Bo Hopkins recalled the difficulties of filming a driving scene with Jason Miller because the scene had been rewritten the night beforehand, giving him little time to memorize his lines. He "loved" Robert Mulligan as a director, and gave him credit for the handling of the climactic strangulation sequence, although Hopkins also admitted that it was tough scene to shoot and that the whole film was difficult to work on.

==Release and box office==
The film premiered at Cannes to positive reception, being nominated for the Palme d'Or. It then was previewed in France, but poor box office there and in other European markets led to concerns about the project's commercial viability. Director Robert Mulligan cut the movie down, eliminating in the process the character of Cooper's younger brother Larry, played by Brendan Burns. (The actor's father, Bart Burns, played the role of Elias in the film.) According to Eric Roth, Burns attended the domestic premiere with surrounding family having not been informed that his character was cut out of the film. Despite his excision, Burns’ name still appears in some credits listings.

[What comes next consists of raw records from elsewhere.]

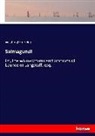 Washington Irving - Salmagundi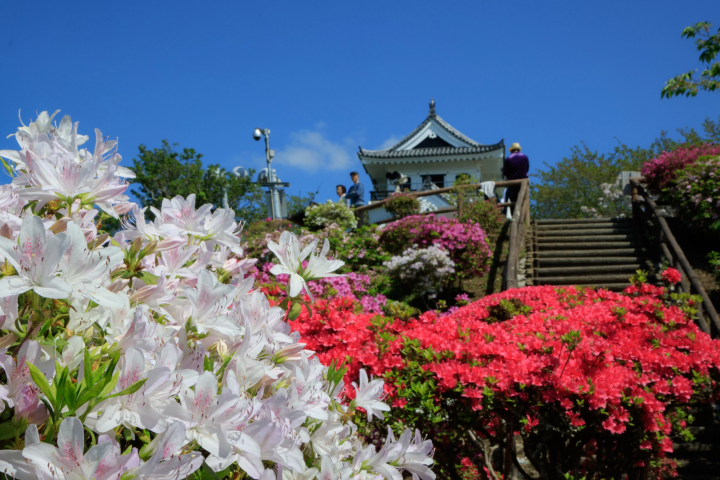 [千葉/館山]在面白山公園感受季節的變化！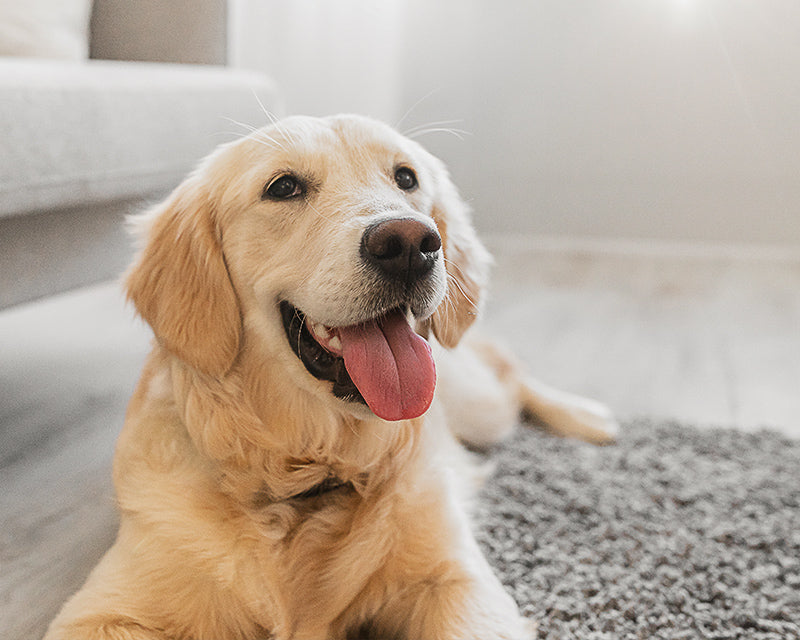 Good example photo: a dog close up, at eye level, with soft even lighting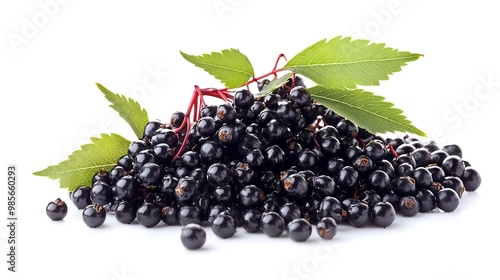 Fresh Black Elderberries with Green Leaves Isolated on White Background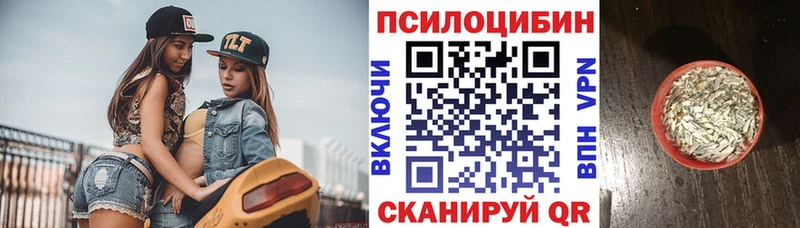 где купить наркоту  Ногинск  Галлюциногенные грибы мицелий 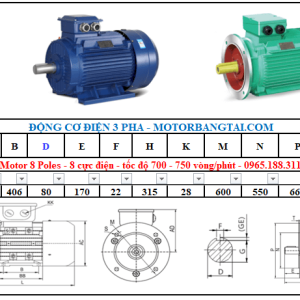 Động cơ điện 3 pha 55kw-8poles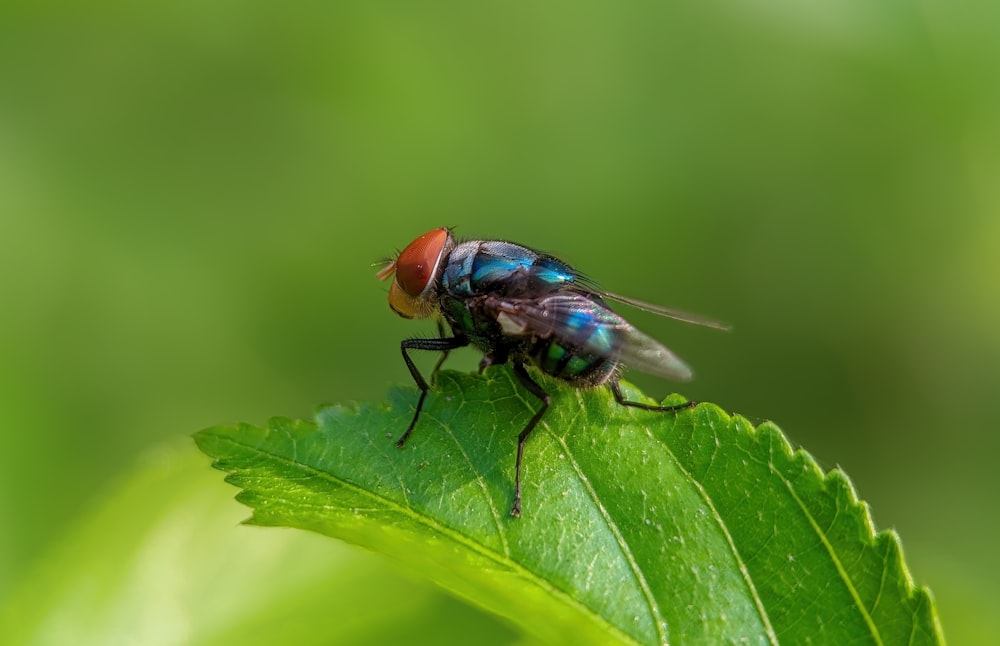 a fly on a leaf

In January 1975, the film debuted domestically on the east coast, where it performed poorly despite the efforts to tighten the picture. In response, the marketing campaign was retooled before the film's gradual release to the rest of the U.S., but The Nickel Ride ultimately disappeared without finding a sizable audience. Due to the delayed and staggered release, the film did not arrive in some markets for a full year or more – Los Angeles received the film at the end of 1975, and one Seattle critic noted in a review published in January 1976 that the film was presented in his city as a "first-run second feature" in a double-bill with Robert Aldrich’s Hustle.

The film ultimately grossed less than $2 million domestically.

==Awards==
- Nominee Palme d'Or - 1974 Cannes Film Festival (Robert Mulligan)

==Reception==
Nora Sayre of The New York Times was not impressed:

The movie appears to be a drama of real estate. Jason Miller plays a neighborhood fixer who is attempting to lease a warehouse for the storage of stolen goods; however, the deal is delayed, and he's threatened by the minor hoods who are his clients. His role is a study in worry: the angst rarely leaves his deep-set lemur's eyes. We watch him worrying in profile, in full and three-quarter face, standing or sitting or lying down, in daylight and darkness, on the phone, in his office and out of doors. All in all, he seems more vulnerable to an anxiety attack than to an assailant's bullet...The Nickel Ride is handsomely filmed in bleak pastels, but the numerous close-ups manage to stress the slowness of the action, and quick cuts can't dispel the tedium.

Nick Pinkerton of The Village Voice was slightly more forgiving: "The Nickel Ride is a seldom-seen drama of white-collar workaday criminal drudgery to make you believe the best of '70s cinema will never fully be quarried out...The atmosphere is one of musty hallways, sour stomach, and looming late middle age with no retirement plan in sight."

Despite its elusiveness and initially mixed reaction, the film has attained a following, and it sometimes is compared favorably to The Friends of Eddie Coyle. Among its more prominent fans is director Quentin Tarantino, who included it in the line-up of his first annual QT Fest in 1997.